L'occupation par les ouvriers verriers de Glaverbel-Gilly de leur entreprise contre la fermeture  est aussi exemplaire.  Le secteur des verreries est à l'époque aussi importante que celui des mines de charbon avant la guerre.  La grande épreuve de force aura lieu au début de l'année 1975. Pendant 6 semaines les ouvriers vont y occuper l'usine. Les méthodes de lutte démocratiques et participatives sont remarquables. Un comité de grève sera élu par l'assemblée générale. Ce comité de grève s'occupera des finances, de l'entretien et de la sécurité, la propagande et l'animation culturelle. C'était une façon très concrète de faire participer la majorité des travailleurs dans l'occupation. Des réunions d'information et de solidarité attiraient beaucoup de monde. Une grève régionale paralysa toutes les verreries. La grève fut suivie d'une manifestation régionale. Le comité de grève va aussi publier un manifeste politique ( http://asmsfqi.org/IMG/pdf/12-004-00003-32.pdf ). Il s'agit là d'un texte qui exprime de la façon la plus avancée l'enjeu de la vague d'occupations en Belgique. Ce manifeste débattu et voté démocratiquement en assemblée des travailleurs plaide en fin de compte pour la nationalisation sous le contrôle des travailleurs de l'entreprise. Le manifeste plaide aussi pour une 'réduction radicale du temps de travail vers 36 heures hebdomadaires sans perte de salaire avec une diminution du rythme du travail.' En fin de compte, les ouvriers de Glaverbel Gilly gagneront et empêcheront la fermeture de leur site.

Quelques enseignements

Les occupations sont nées au départ de besoins très concrets (maintien de l'activité économique, empêcher les pertes d'emplois). Elles ne faisaient pas partie d'un manuel syndical voire même d'une stratégie syndicale consciente.  Mais ces occupations se déroulaient sur un fonds d'une radicalisation politique des travailleurs. Dans la période d'après 1968 beaucoup de personnes remettent en cause le capitalisme. La forme d'action par contre, c'est-à-dire l'occupation, est déterminée plus par des motivations directes des travailleurs. Mais une occupation indépendamment des intentions des participants pose des questions beaucoup plus politiques. C'est surtout le cas quand l'occupation aboutit à une relance de la production sous le contrôle et la gestion des travailleurs.

Toutes ces luttes vont montrer dans la pratique que les ouvriers et les ouvrières n'ont pas besoin de patron pour faire fonctionner une entreprise. Dans ces entreprises autogérées, la vieille hiérarchie  verticale et aussi horizontale est éliminée, les chefs et les contremaîtres ne sont plus nécessaires l'absentéisme est réduit à zéro et les accidents de travail diminuent fortement. Ce sont des écoles vivantes d'apprentissage du socialisme. L'effet de cette expérience concrète sur la conscience politique est immense.

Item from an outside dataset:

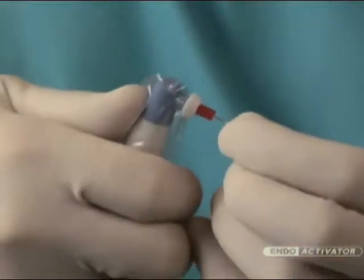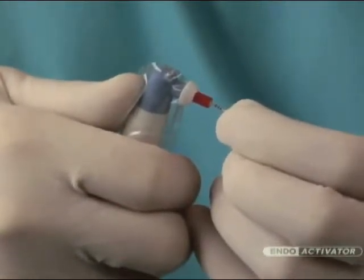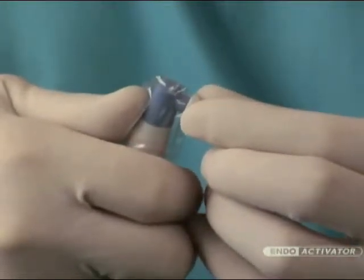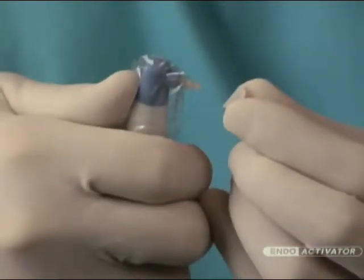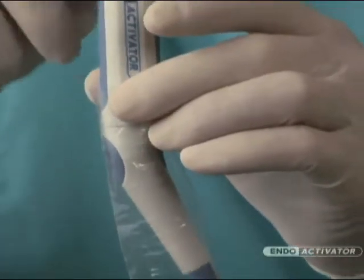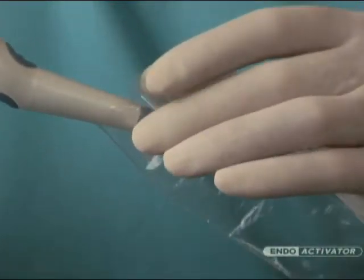When the clinical procedure has been completed, firmly support the contra-angled neck of the handpiece and remove the attached activator tip by grasping the large circular clean guard portion with fingers and snap off. Next, remove the protective barrier sleeve. Discard the activator tip and barrier sleeve as they are for single patient use only.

D'un autre côté, elles vont aussi montrer qu'il n'est pas possible de construire des 'ilots socialistes' dans un océan capitaliste. Après quelque-temps, suite au sabotage des autres capitalistes, à la concurrence, faute de moyens financiers, les manoeuvres de l'état, ces expériences vont s'arrêter. Parfois la direction de la FGTB utilisait ces difficultés pour ne pas soutenir l'occupation comme c'était le cas chez Salik à Quaregnon. La CSC par contre soutenait et animait à certains endroits ces expériences. Mais elle s'imaginait qu'elles pouvaient exister à l'intérieur du capitalisme. La FGTB et la CSC auraient pu donner une autre ampleur à cette vague d'occupation en lançant le mot d'ordre national d'occupation des entreprises et relance de la production, lié à l'idée de nationalisation de ces entreprises sous le contrôle des travailleurs. Voilà une façon très concrète et compréhensible de poser la question de la réorganisation totale de la société et la nécessité et la possibilité d'une économie nationalisée et planifiée de manière démocratique.